(Collection entries)
________________________
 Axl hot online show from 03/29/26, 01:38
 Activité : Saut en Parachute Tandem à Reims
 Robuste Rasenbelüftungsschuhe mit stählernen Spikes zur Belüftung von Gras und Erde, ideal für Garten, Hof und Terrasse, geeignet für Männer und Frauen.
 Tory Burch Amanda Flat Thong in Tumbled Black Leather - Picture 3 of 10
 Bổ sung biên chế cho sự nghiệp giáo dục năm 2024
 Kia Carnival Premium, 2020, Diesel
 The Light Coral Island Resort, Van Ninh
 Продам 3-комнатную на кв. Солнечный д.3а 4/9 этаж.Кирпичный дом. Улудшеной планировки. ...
________________________
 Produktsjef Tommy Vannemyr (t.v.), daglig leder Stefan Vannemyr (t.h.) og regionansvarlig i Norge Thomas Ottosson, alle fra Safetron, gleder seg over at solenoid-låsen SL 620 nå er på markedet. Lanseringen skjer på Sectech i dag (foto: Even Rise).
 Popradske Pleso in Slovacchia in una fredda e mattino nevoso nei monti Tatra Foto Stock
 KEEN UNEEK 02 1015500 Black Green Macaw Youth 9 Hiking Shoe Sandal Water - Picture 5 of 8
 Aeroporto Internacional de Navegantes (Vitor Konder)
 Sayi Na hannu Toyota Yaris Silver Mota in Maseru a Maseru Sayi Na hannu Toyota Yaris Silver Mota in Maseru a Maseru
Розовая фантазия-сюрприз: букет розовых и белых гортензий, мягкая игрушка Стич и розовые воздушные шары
________________________
From the records above, transcribe exactly the run of lines that opens with the line holding "Tory Burch Amanda" and closes with the line holding "The Light Coral Island Resort, Van Ninh", both included.

Expected answer
 Tory Burch Amanda Flat Thong in Tumbled Black Leather - Picture 3 of 10
 Bổ sung biên chế cho sự nghiệp giáo dục năm 2024
 Kia Carnival Premium, 2020, Diesel
 The Light Coral Island Resort, Van Ninh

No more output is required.